To me, the impact of these tariffs can be best understood through the lens of three primary stakeholders: brands, consumers, and those within the supply chain who actually make our clothes, with each facing immediate short-term impacts and long-term shifts.

Brands: Absorb, Pass On, or Transform?

All fashion brands – from ultra-fast (Shein, Temu) to luxury conglomerates (LVMH Group) to the countless small-to-mid-sized labels in between – face an immediate financial dilemma as production costs surge.

Short-Term Impact:

  • Operating margins are compressing by 15-30% for brands heavily dependent on Asian manufacturing

  • Scrambling to renegotiate supplier contracts and find alternative production locations (note: many people lose out when you race to the bottom line)

  • Inventory planning becoming chaotic as lead times extend and costs fluctuate

  • Many smaller brands facing existential threats without the capital to weather the transition

Long-Term Trajectory:

  • Accelerated consolidation as larger players acquire struggling competitors

  • A fundamental rethinking of the cheap, disposable fashion model that defines the 21st century

  • Potential shift toward fewer, better products with higher margins to offset increased production costs

  • Potential renaissance for domestic manufacturing, particularly in premium segments

  • Growing divide between mass-market players who can absorb costs and specialty brands catering to price-insensitive consumers

Consumers: The End of Ever-Cheaper Fashion?

Before I dive into this section, I want to take a moment to pause and reflect on word choice. I’ve worked in and around fashion for nearly twenty years and the word to describe us – the people who buy and love fashion – is “consumer.” Derived from the verb “to consume”, meaning “to use fuel, energy, time, or a product, especially in large amounts.” (Merriam-Webster). There is something very icky and dehumanising about this word.

Semantics aside, we have grown accustomed to constantly declining apparel prices relative to other goods. E.g., while dresses get cheaper, milk gets more expensive. The perceived value of cheap fashion (and home furniture and decor) allows people to feel richer. There are extensive studies on the role of advertising and marketing in selling this false dream which I will dive into on another day.

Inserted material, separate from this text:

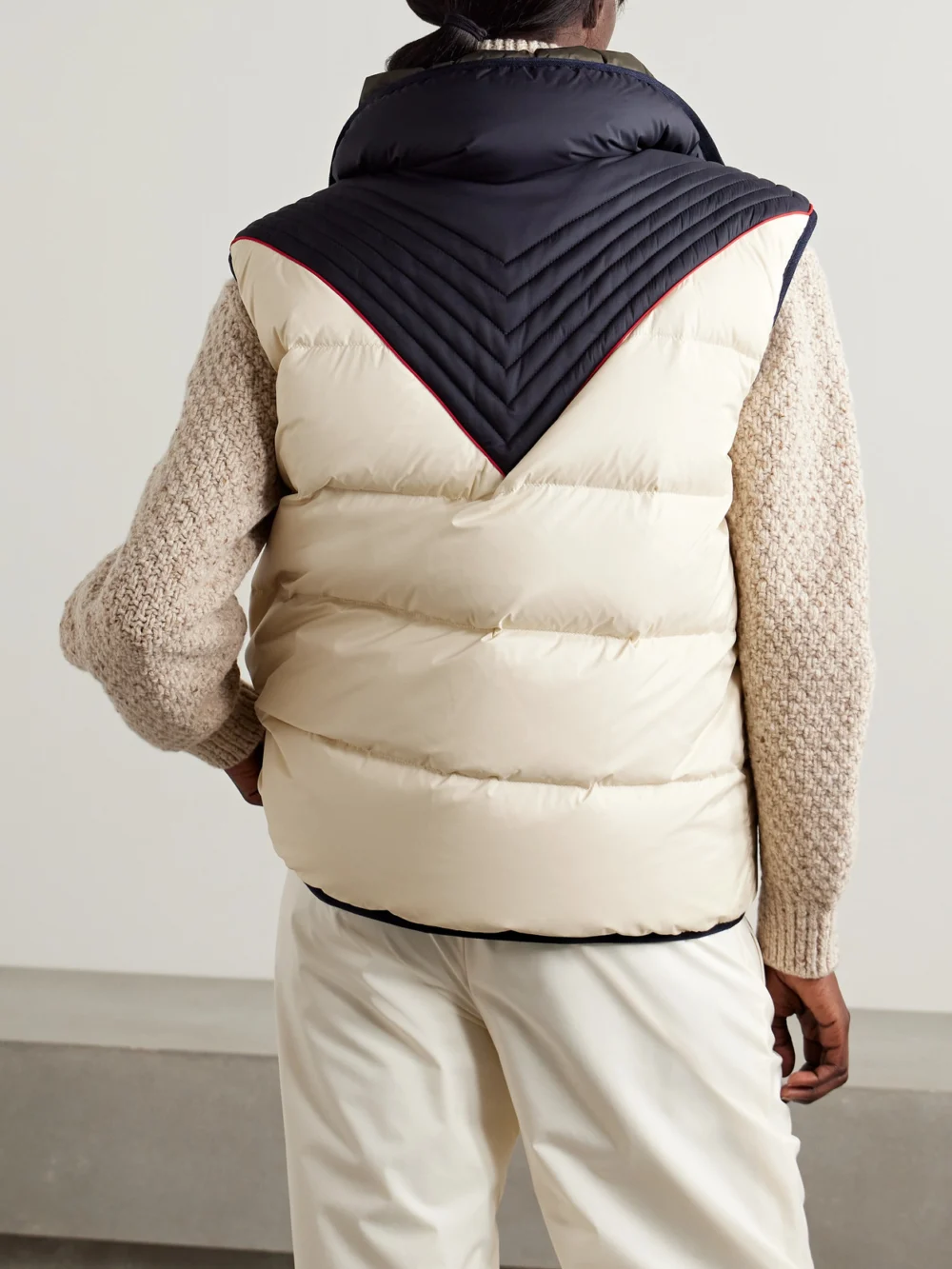 Back view of the Loro Piana Andry Reversible Two-tone Quilted Shell Down Vest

Early consumer research suggests a mixed reaction. While 67% of shoppers report concern about rising prices, 42% also indicate they’re becoming more thoughtful about purchases – buying less, but buying better. Here are my thoughts on short vs long term reactions:

Short-Term Impact:

  • Price increases of 12-25% hitting store shelves and e-commerce sites

  • Reduction in promotional discounting as brands protect margins

  • Spending shifts toward essentials as discretionary fashion purchases become less affordable

  • Growing awareness of the economic forces behind clothing production

Long-Term Trajectory:

  • Potential reset of consumption expectations – fewer items, higher quality

  • A cultural shift toward longer-term ownership and investment pieces

  • Growing emphasis on durability and versatility in purchasing decisions

  • Widening inequality in fashion access as affordability becomes more challenging for lower-income consumers

Supply Chain Workers: The Most Vulnerable Stakeholders

Lost in many discussions about tariffs are the millions of garment workers in the Global South whose livelihoods depend on our consumption patterns. Notably, the vast majority (~80%) of these workers are women, relying on the global manufacturing industry to support their families. Again, I could talk for ages on this issue, but I would refer everyone to watch True Cost or River Blue for a deeper understanding of who actually makes your fashion.

Short-Term Impact:

  • Factory closures and layoffs as orders decrease or move to different countries

  • Downward pressure on wages as manufacturers try to offset tariff costs

  • Deteriorating working conditions as corners are cut to maintain margins

Long-Term Trajectory:

  • Potential for improved conditions in nearshore manufacturing locations with stronger labour protections

  • Technological displacement as automation becomes more economically viable

  • Migration of skilled workers following shifting production patterns

  • Need for international development initiatives – something the US just cut – to support communities built around apparel manufacturing

Clean Clothes Campaign has documented extensively how garment workers often bear the brunt of industry disruptions. But beyond the day-to-day work conditions, it doesn’t take much imagination to envision what happens to a country’s economy if one of its major exports collapses and nothing is there is assist. We are already getting glimpses of this with the end of US AID.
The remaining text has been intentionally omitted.